Meskipun G42 mengklaim telah menarik diri dari China pada Februari dan menerima tawaran kerja sama dengan perusahaan-perusahaan Amerika, tetap saja perhatian China terhadap perusahaan tersebut tidak terbantahkan. Hal ini menimbulkan kekhawatiran AS terhadap potensi akses teknologi canggih AS yang dapat digunakan oleh China.
Sebagai negara dengan pertumbuhan ekonomi yang pesat, China terus mendorong pengembangan teknologi AI. Oleh karena itu, pemerintah AS berusaha untuk memastikan bahwa teknologi AI dan chip canggihnya tidak disalahgunakan, termasuk di wilayah Timur Tengah.
Kerja sama antara AS dan pusat data di Timur Tengah diharapkan dapat memitigasi risiko yang mungkin terjadi akibat penyalahgunaan teknologi AI untuk kepentingan yang tidak diinginkan. Selain itu, melalui aturan baru ini, AS juga memperkuat posisinya sebagai pemain utama dalam bisnis chip canggih, yang secara tidak langsung akan mempengaruhi arah investasi dan kemitraan teknologi di wilayah tersebut.

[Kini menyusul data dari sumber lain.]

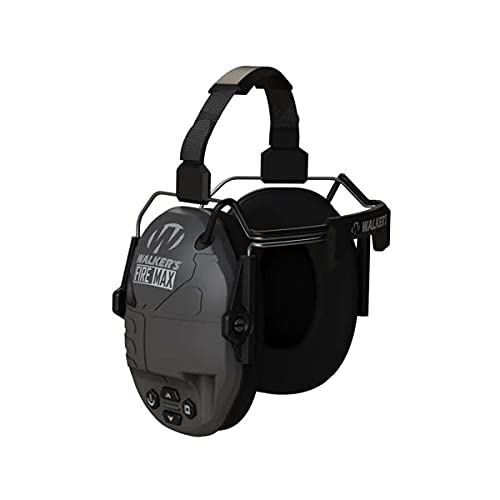 Walker's Rechargeable Lightweight Shooting Hunting Range Electronic Slim Low Profile Hearing Protection FireMax Behind The Neck Earmuffs Walker's
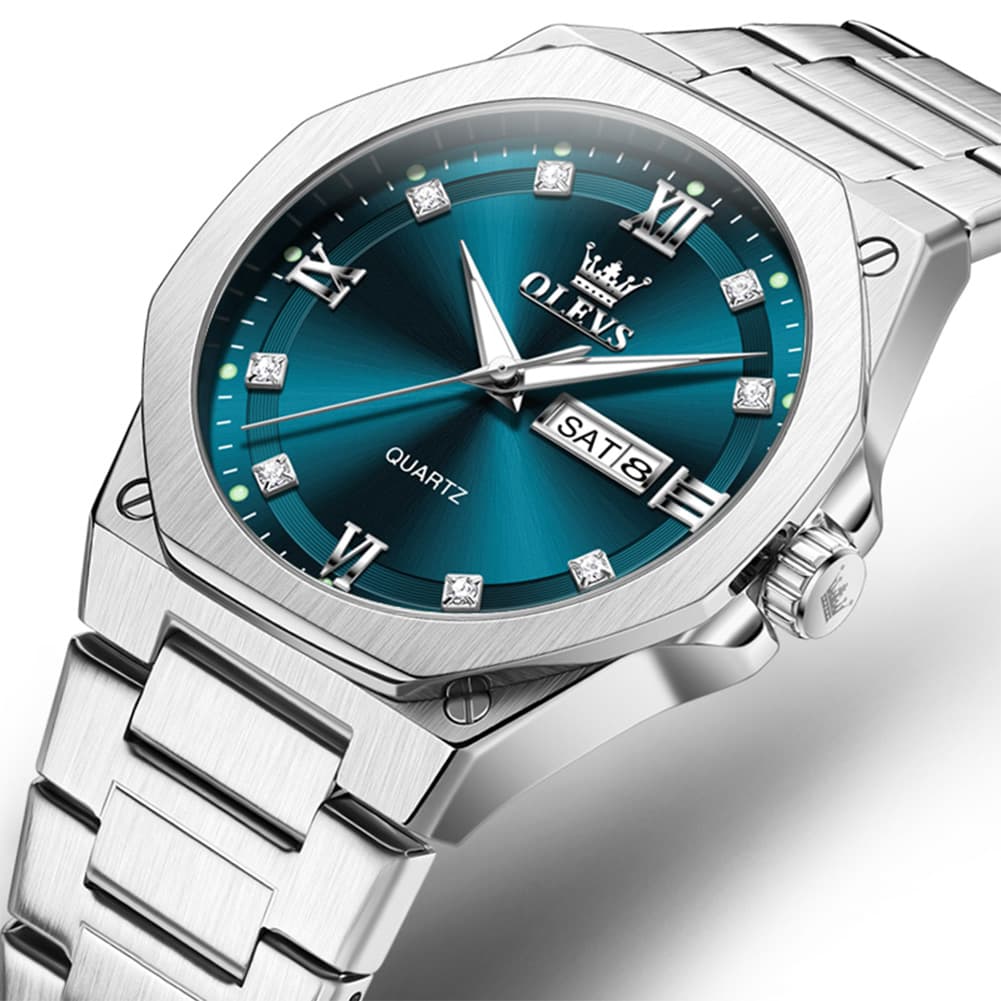 OLEVS 3736 Polygonal Diamond Quartz Watch for Men - Silver Blue Watch | Olevs Watch Store
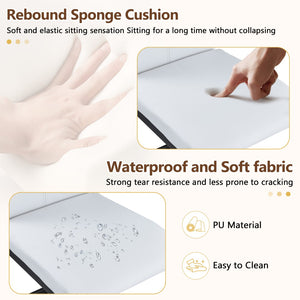 English Elm Table And Chair Set - 71" Walnut Grain Dining Table With 6 White Pu Chairs & Black Metal Legs W1151S04276-GIGA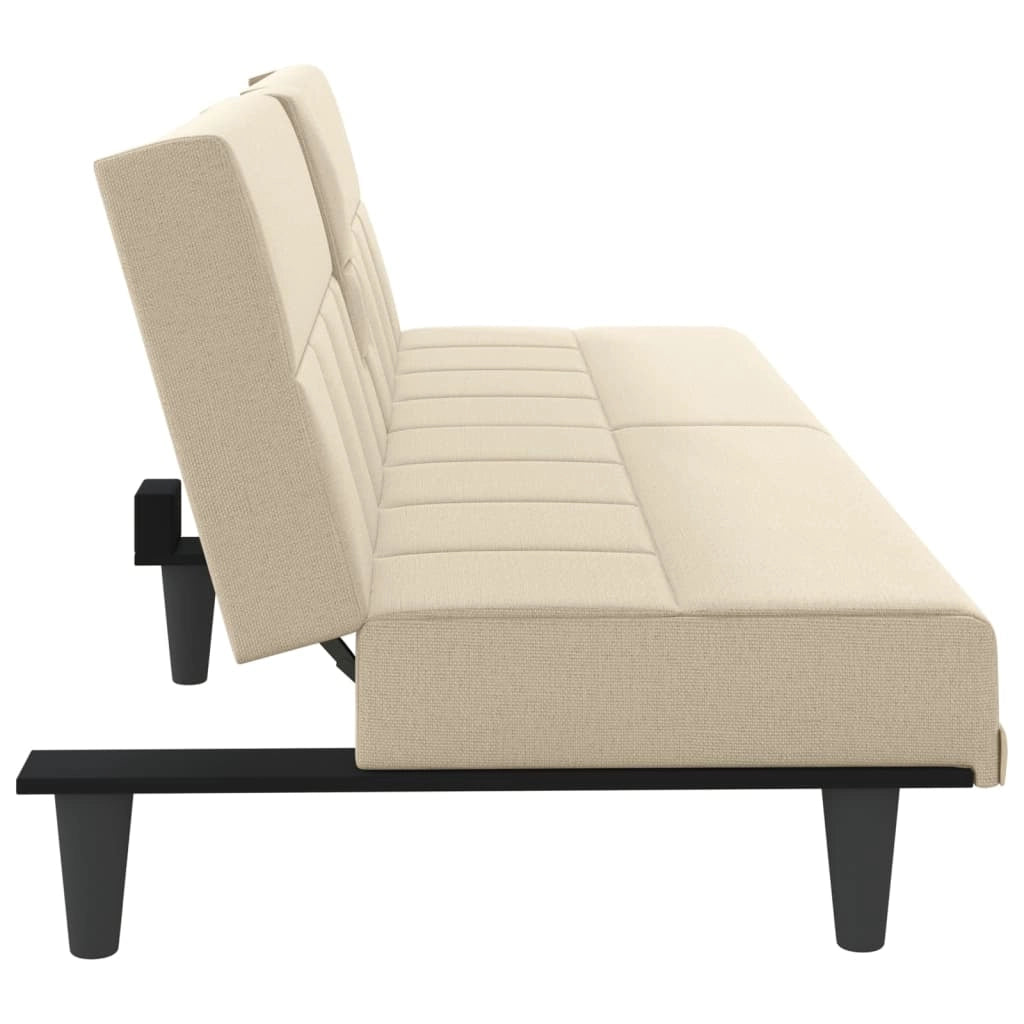 Divano letto con portabicchieri tessuto crema 02_0020421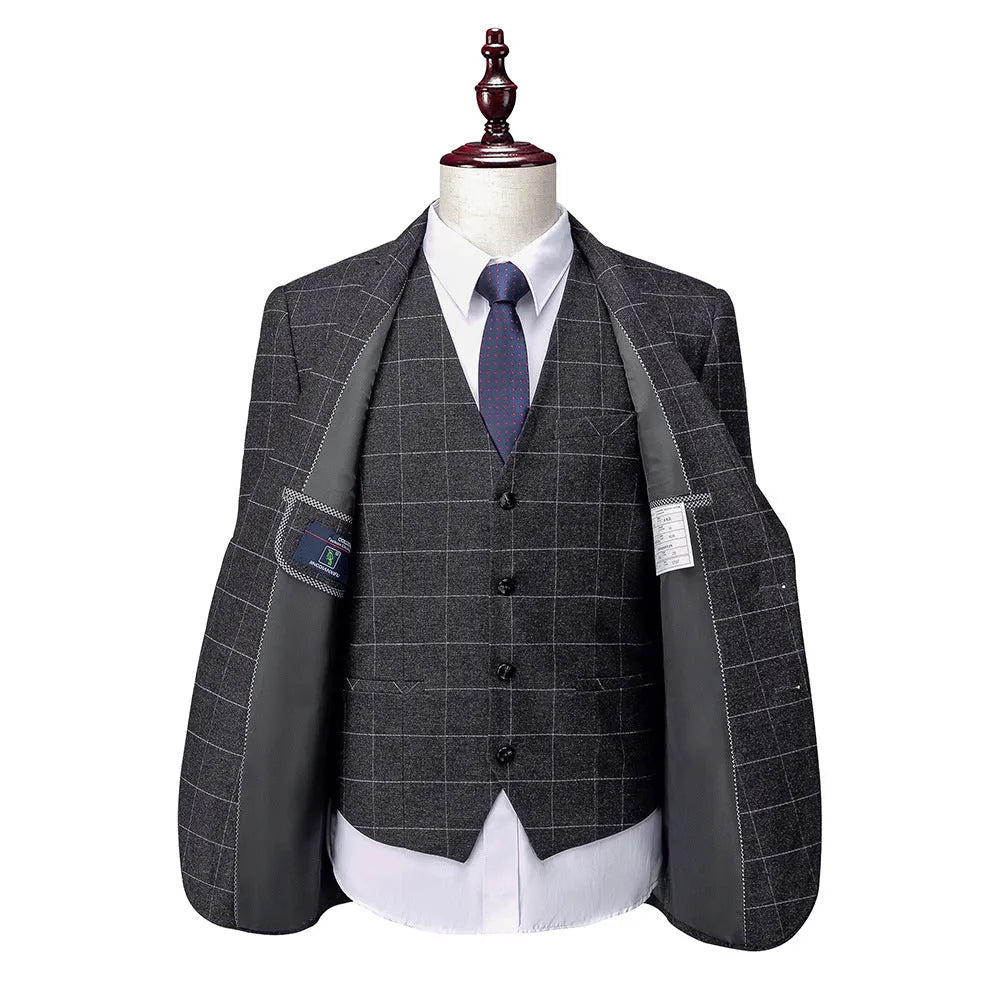 Men's business suit in dark grey polyester, Korean slim fit style with two-button placket and trousers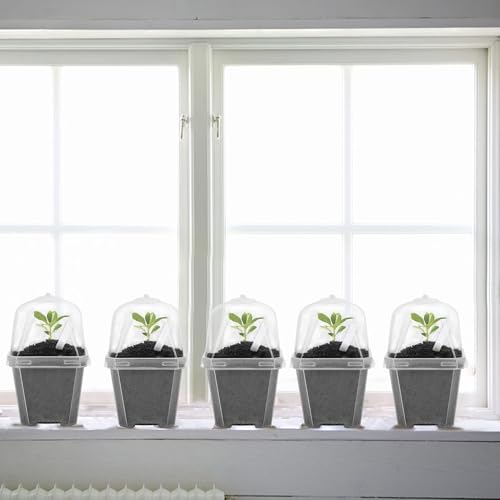 50 Pcs 3" Clear Plant Nursery Pot with Humidity Dome, Plastic Gardening Pot - color: 50pcs-white, size: 3 Inch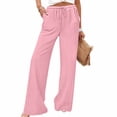 thumbnail image 6 of YuXingFu Womens Solid Tie Wide Leg Long Pants Pink XL, 6 of 7
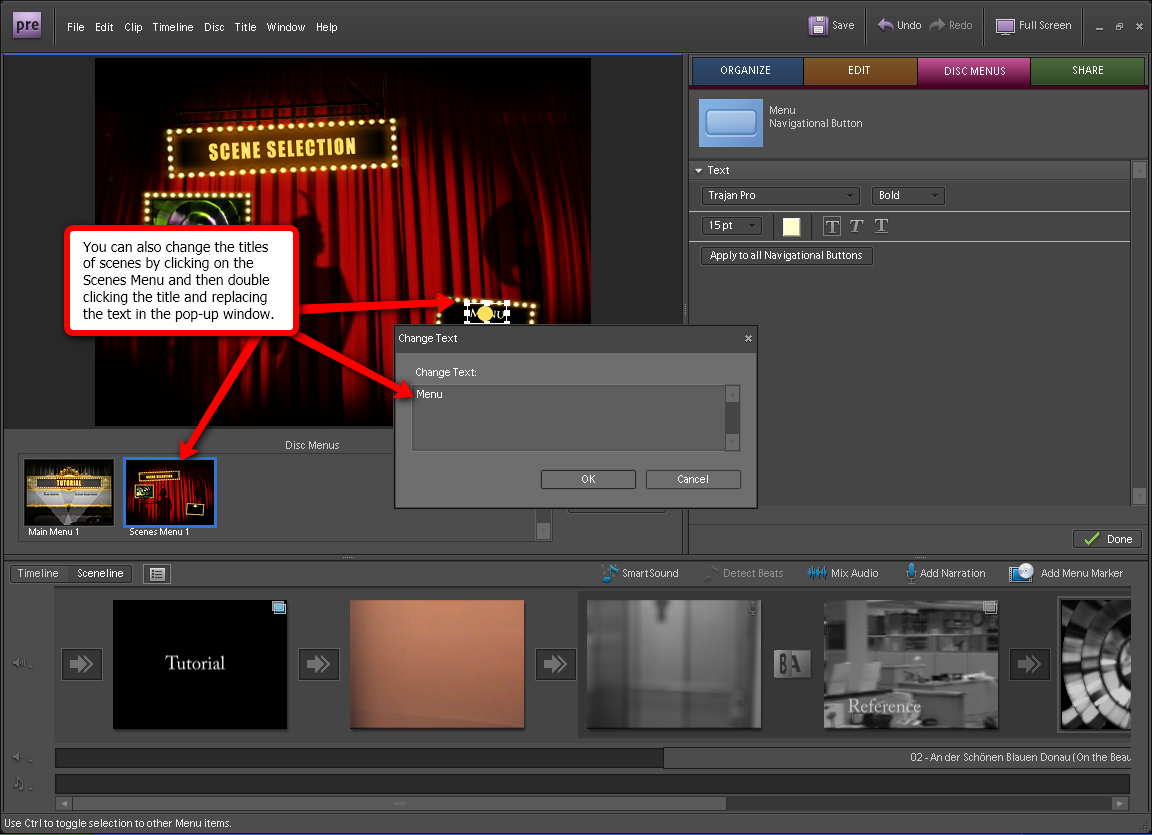 Visual guide to creating a DVD of your movie in Adobe Premiere Elements 7 step 3.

Sebagai perusahaan teknologi terkemuka, Nvidia, yang berbasis di Santa Clara, California, merupakan salah satu pemasok chip AI terbesar di dunia. Keterlibatan Nvidia dalam aturan baru tersebut menarik perhatian publik terkait bagaimana kebijakan tersebut dapat berdampak pada strategi global perusahaan teknologi, terutama dalam menjaga hubungan dengan pasar potensial di Timur Tengah.